BEGIN Excerpted data
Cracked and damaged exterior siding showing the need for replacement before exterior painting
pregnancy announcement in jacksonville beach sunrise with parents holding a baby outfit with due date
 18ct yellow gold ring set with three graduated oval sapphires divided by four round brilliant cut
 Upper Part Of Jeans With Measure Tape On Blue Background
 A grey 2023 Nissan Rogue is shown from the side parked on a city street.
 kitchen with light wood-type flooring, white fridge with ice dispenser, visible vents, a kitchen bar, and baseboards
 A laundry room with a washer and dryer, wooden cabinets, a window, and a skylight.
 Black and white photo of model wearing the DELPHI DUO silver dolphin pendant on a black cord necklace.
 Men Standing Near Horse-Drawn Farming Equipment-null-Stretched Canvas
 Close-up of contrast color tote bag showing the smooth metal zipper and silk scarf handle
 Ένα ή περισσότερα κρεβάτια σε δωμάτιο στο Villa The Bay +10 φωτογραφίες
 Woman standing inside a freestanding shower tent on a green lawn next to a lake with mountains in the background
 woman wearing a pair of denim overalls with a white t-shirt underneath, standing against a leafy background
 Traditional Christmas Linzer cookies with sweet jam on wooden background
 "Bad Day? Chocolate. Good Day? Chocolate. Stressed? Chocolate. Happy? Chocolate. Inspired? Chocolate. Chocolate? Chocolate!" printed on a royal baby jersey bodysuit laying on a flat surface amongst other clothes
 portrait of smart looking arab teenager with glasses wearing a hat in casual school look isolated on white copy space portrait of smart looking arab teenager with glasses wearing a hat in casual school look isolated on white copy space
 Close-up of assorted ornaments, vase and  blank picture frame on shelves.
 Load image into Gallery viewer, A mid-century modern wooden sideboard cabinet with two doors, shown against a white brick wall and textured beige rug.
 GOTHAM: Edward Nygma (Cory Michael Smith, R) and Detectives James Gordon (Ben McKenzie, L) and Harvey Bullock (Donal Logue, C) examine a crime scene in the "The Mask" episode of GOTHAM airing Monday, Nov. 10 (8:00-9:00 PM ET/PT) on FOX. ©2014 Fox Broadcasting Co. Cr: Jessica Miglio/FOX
END Excerpted data
● To do:
Please be sure to repeat every entry exactly.

● Answer space:
Cracked and damaged exterior siding showing the need for replacement before exterior painting
pregnancy announcement in jacksonville beach sunrise with parents holding a baby outfit with due date
 18ct yellow gold ring set with three graduated oval sapphires divided by four round brilliant cut
 Upper Part Of Jeans With Measure Tape On Blue Background
 A grey 2023 Nissan Rogue is shown from the side parked on a city street.
 kitchen with light wood-type flooring, white fridge with ice dispenser, visible vents, a kitchen bar, and baseboards
 A laundry room with a washer and dryer, wooden cabinets, a window, and a skylight.
 Black and white photo of model wearing the DELPHI DUO silver dolphin pendant on a black cord necklace.
 Men Standing Near Horse-Drawn Farming Equipment-null-Stretched Canvas
 Close-up of contrast color tote bag showing the smooth metal zipper and silk scarf handle
 Ένα ή περισσότερα κρεβάτια σε δωμάτιο στο Villa The Bay +10 φωτογραφίες
 Woman standing inside a freestanding shower tent on a green lawn next to a lake with mountains in the background
 woman wearing a pair of denim overalls with a white t-shirt underneath, standing against a leafy background
 Traditional Christmas Linzer cookies with sweet jam on wooden background
 "Bad Day? Chocolate. Good Day? Chocolate. Stressed? Chocolate. Happy? Chocolate. Inspired? Chocolate. Chocolate? Chocolate!" printed on a royal baby jersey bodysuit laying on a flat surface amongst other clothes
 portrait of smart looking arab teenager with glasses wearing a hat in casual school look isolated on white copy space portrait of smart looking arab teenager with glasses wearing a hat in casual school look isolated on white copy space
 Close-up of assorted ornaments, vase and  blank picture frame on shelves.
 Load image into Gallery viewer, A mid-century modern wooden sideboard cabinet with two doors, shown against a white brick wall and textured beige rug.
 GOTHAM: Edward Nygma (Cory Michael Smith, R) and Detectives James Gordon (Ben McKenzie, L) and Harvey Bullock (Donal Logue, C) examine a crime scene in the "The Mask" episode of GOTHAM airing Monday, Nov. 10 (8:00-9:00 PM ET/PT) on FOX. ©2014 Fox Broadcasting Co. Cr: Jessica Miglio/FOX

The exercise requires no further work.